Monday, January 13, 2014

Stab The Beast?

We stab it with out steely knives
But we just can't kill the beast
-Hotel California

I heard somebody say
Burn, baby, burn
Burn the Mother Down
-Disco Inferno


    David Holmgren, permaculturist, has a posted an interesting essay,  (for a good summary see Stabbing the Beast )  in which he expresses his frustration and the lack of action on climate change.  In 2007 he had proposed a "Green Tech" scenario, which would provide a nice transition to a less damaging future.  He had  hoped that the increase in the price of oil would move people away from oil to more benign  energy sources.  Alas, instead we  moved to even less benign forms, such as deep water, oil sands, and fracking.

    Holmgrem sees less and less of a way out. He notes that the mainstream approach to climate change is turning away from prevention and more towards adaption.   He recognizes that any real solution to climate change, will entail less economic activity.  And also that we are unlikely to voluntarily sign up for such medicine.  

    Therefore he recommends an induced crash, triggered by people  refusing to participate.  He suggests that the economy is already fragile, and it wouldn't take much.

    It's interesting to see the response to this proposal.   Rob Hopkins , of the Transition Movement.  finds the suggestion unhelpful.  Although he seems to agree with the diagnosis, he can't accept the cure.  He continues to believe that a grass roots effort can lead to a steady state economy voluntarily.   He also notes that such a crash would undoubtedly would be painful for many, and would likely have unexpected consequences.   see here   

   Nicole Foss, a blogger with the Automatic Earth, has a different take..  She agrees with Holmgren that the economy is fragile, and her blog is focused on various aspects of the fragility.    Nevertheless she agrees with Hopkins that it is not appropriate to try to engineer a crash. But she does not share Hopkins' sanguine view of a smooth transition to a "steady state" future.   This is because, its too late for a smooth transition,  she sees the crash as inevitable,  and in fact very near - she calls for it to begin in 2014.  (!)    

     In her view, the size of  economic dislocation will be large enough to reduce CO2 emissions for a long period of time.   In essence, action to reduce further emissions will  cease to be an issue, a worldwide depression will solve it!

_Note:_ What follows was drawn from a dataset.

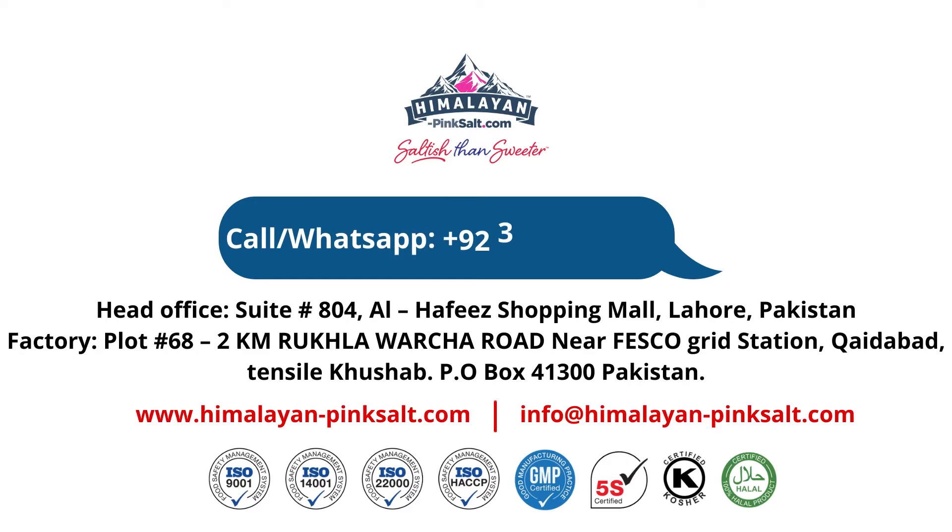For more info, call or WhatsApp +92 311-1559111, or visit our website at www.himalayan-pinksalt.com.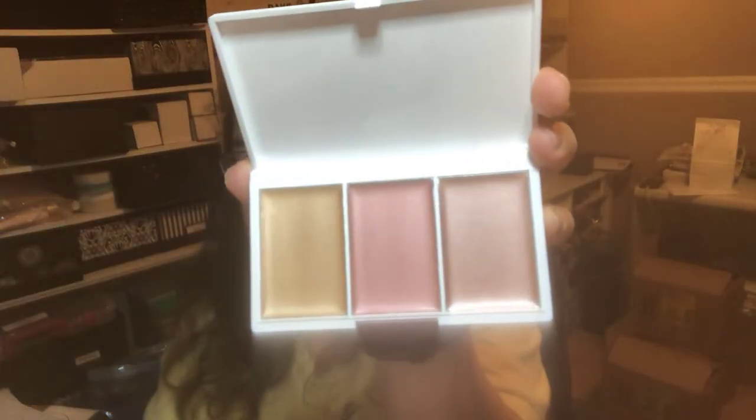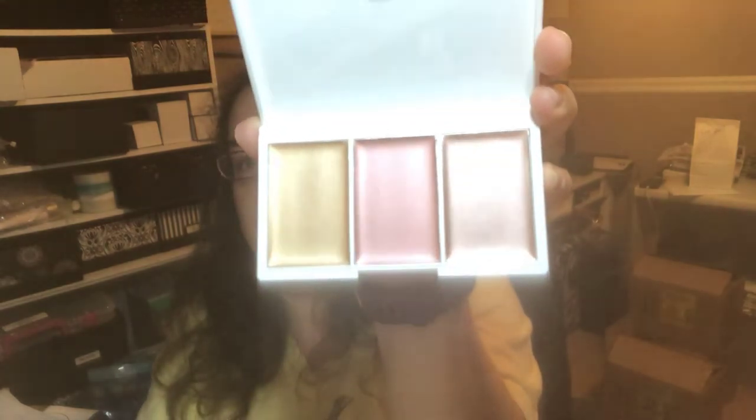And this is the Illuminate the Holidays highlighter palette — it's got that same festive print and bow. It's kind of an Avon retro casing but it's really nice. These are pretty — really pretty highlighting kit. It looks like it's cream-based. So that's everything that came in the meeting in a box for this month.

"The economic contraction that is coming is very likely to have a far more substantial impact on emissions than any deliberate policy or collective action. The combination of this contraction and constructive collective action could be very powerful indeed, but achieving the latter action is not best done on the grounds of climate change. The same actions that would best address climate change in the aggregate are also the prescription for dealing with financial crisis and peak oil – hold no debt, consume less, relocalize, increase community self-sufficiency, reduce dependency on centralized life-support systems.
The difference is that both financial crisis and peak oil are far more personal and immediate than climate change, and so are far bigger motivators of behavioural change. For this reason, addressing arguments in these terms is far more likely to be effective. In other words, the best way to address climate change is not to talk about it.